Le chorégraphe Albert Quesada aime s'emparer de figures musicales : après sa pièce Solos Bach & Gould et Ensemble, fondée sur le travail de Leonard Bernstein, il présente aujourd'hui Wagner & Ligeti. De prime abord, le rapprochement des deux compositeurs n'est pas évident, et pourtant. En travaillant à partir de l'ouverture de Tannhäuser de Wagner (1842-1845), l'une des pièces les plus claires de la musique instrumentale « narrative », et de Lontano de György Ligeti (1967) œuvre orchestrale reposant sur une polyphonie fondée presque en permanence sur un canon imperceptible, ainsi que sur des extraits de répétitions de Ligeti transformés en matière sonore, Albert Quesada s'emploie à montrer leurs résonances, leurs convergences.

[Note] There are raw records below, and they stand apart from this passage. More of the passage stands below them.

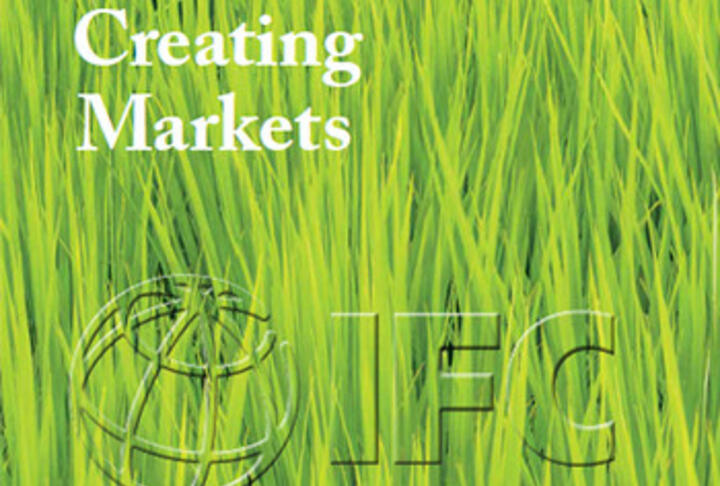 IFC Annual Report 2017: Creating Markets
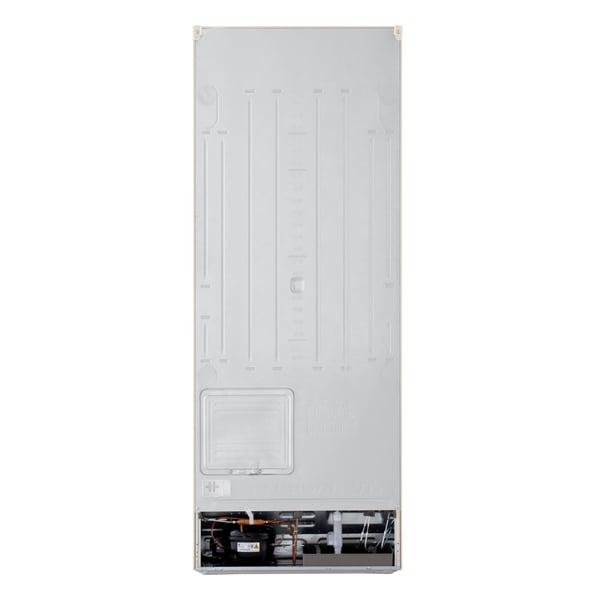 LG GTBV44SEBKD Fritstående 461 L Beige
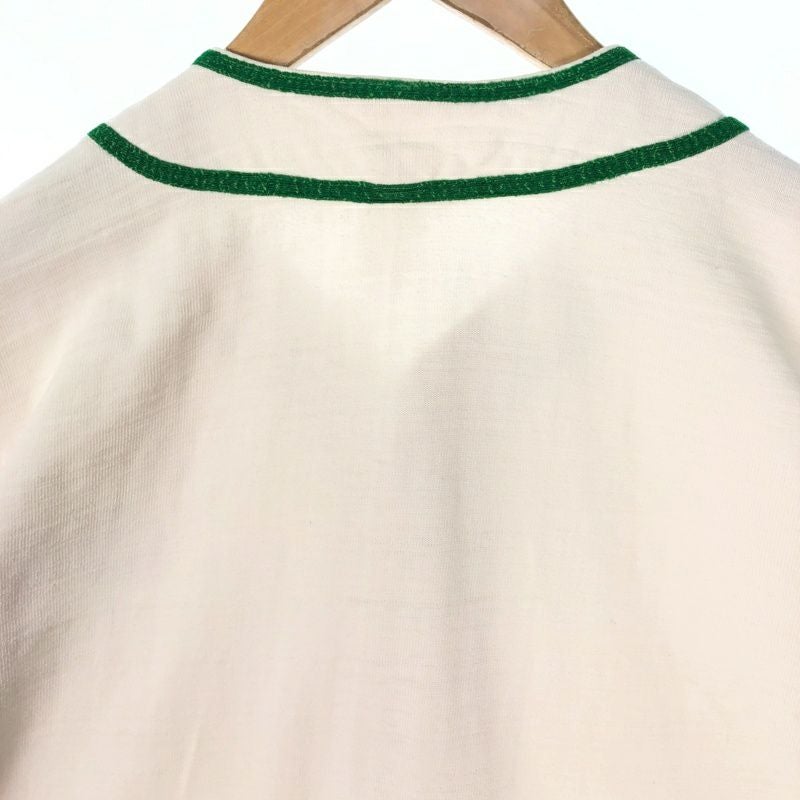 古着 60s 猫目ボタン ベースボールシャツ | Flamingo Online 古着屋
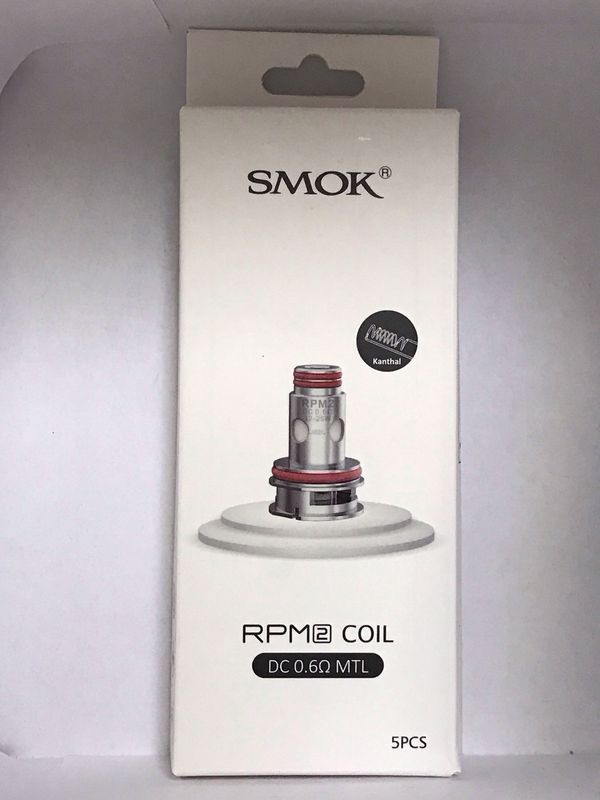Smok Rpm2 0.6 12-25w Coils 5 Pack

Il tisse ainsi des fils entre les deux partitions, éclairés par la danse qui joue tour à tour de l'unisson, du canon, de l'éparpillement et de la tension. Les interprètes forment comme des agrégats qui se décomposent et se recomposent, tels des notes sur une gamme, tentant de maintenir des points d'équilibre, à la fois ensemble et séparés.
Ligeti disait, parlant de Lontano : « Je pense toujours en voix, en couches, et je construis mes espaces sonores comme des textures, comme les fils d’une toile d’araignée, la toile étant la totalité et le fil l’élément de base. » Albert Quesada lui répond par la danse, offrant au spectateur la possibilité de voir se construire une structure musicale et explorant la façon dont l'esprit recompose une toile à partir de sensations et de réminiscences. Avec Wagner & Ligeti, il réussit ainsi, littéralement, à donner à voir la musique.